Having a real-time standardised view of transaction data without needing to conduct multiple reconciliations would remove many of the inefficiencies that hinder the financial system and could reduce costs considerably, the ratings agency said.
“Whether cryptocurrencies take off or not, we believe banks’ role in the payment business might change materially in the next decade. Some market participants are challenging the benefit of blockchain, arguing that the technology was created a decade ago and has not yet disrupted the financial system in a meaningful manner.
“That said, we project that, because of this technology and the growth in other peer-to-peer services, smaller and more innovative market participants could have more opportunities to challenge established banking groups' existing product offering.
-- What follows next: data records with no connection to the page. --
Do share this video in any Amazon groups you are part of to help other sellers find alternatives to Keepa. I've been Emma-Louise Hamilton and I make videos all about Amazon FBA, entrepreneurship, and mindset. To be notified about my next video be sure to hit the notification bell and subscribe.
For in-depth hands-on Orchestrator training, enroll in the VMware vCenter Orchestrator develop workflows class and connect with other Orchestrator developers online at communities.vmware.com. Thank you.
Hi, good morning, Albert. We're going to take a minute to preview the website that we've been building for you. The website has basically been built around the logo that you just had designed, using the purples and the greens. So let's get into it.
“We think that the creation of a cryptocurrency backed by a central bank that gives citizens direct access to this central bank’s ledger is potentially a game-changer to banks as we know them. This does not mean that banks will disappear, but it would mean significant changes in the way they do business.”
REGULATION REQUIRED
S&P’s reported a differentiated reaction among regulators and policymakers toward cryptocurrencies.
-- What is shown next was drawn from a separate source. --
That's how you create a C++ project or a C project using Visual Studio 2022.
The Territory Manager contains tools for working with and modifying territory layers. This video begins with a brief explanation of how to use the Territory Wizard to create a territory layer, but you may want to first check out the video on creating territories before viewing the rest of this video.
“Some regulators or policymakers recognised these instruments as a means of exchange while others have banned them. Some countries have introduced tax-friendly regulations for cryptocurrencies, such as Japan, which reportedly eliminated consumption tax on Bitcoin trading in 2017. Others, like Bolivia, have reportedly banned them. To date, European authorities have mainly called for investors' caution when dealing with cryptocurrencies.
“We believe that, if the market is to take up cryptocurrencies, it will imply great regulatory scrutiny and may be on the agenda of the Group of 20 or other supranational bodies. Some of the key risks that regulations may try to address include consumer protection, impeding illegal activity, and central bank backing.”
If cryptocurrencies become an asset class, the impact on financial services firms will be more gradual. S&P’s is of the view that this is because their future success will largely depend on the coordinated approach of global regulators and policymakers to regulate and enhance market participants' confidence in these instruments, the ratings agency averred.
S&P’s does not view cryptocurrencies as an asset class because their total value is not big enough yet. At Feb. 10, 2018, there were 1 523 outstanding cryptocurrencies with a market capitalisation of around $394-billion. By way of comparison, at the same date, this is well below the market cap of technology multinational Apple at around $794-billion.
More importantly, S&P’s believes that blockchain technology – which is what underpins cryptocurrencies, enabling the creation of a shared digital transaction ledger – could be a positive disrupter for various financial value-chains.
“If widely adopted, blockchain could have a meaningful and lasting impact on the celerity, traceability and cost of financial transactions. The financial market infrastructure segment might also see medium-term benefit from cryptocurrencies and blockchain through the launch of new income-generating products, such as futures or exchanges based on cryptocurrencies, or the replacement of current practices by new ones based on blockchain.”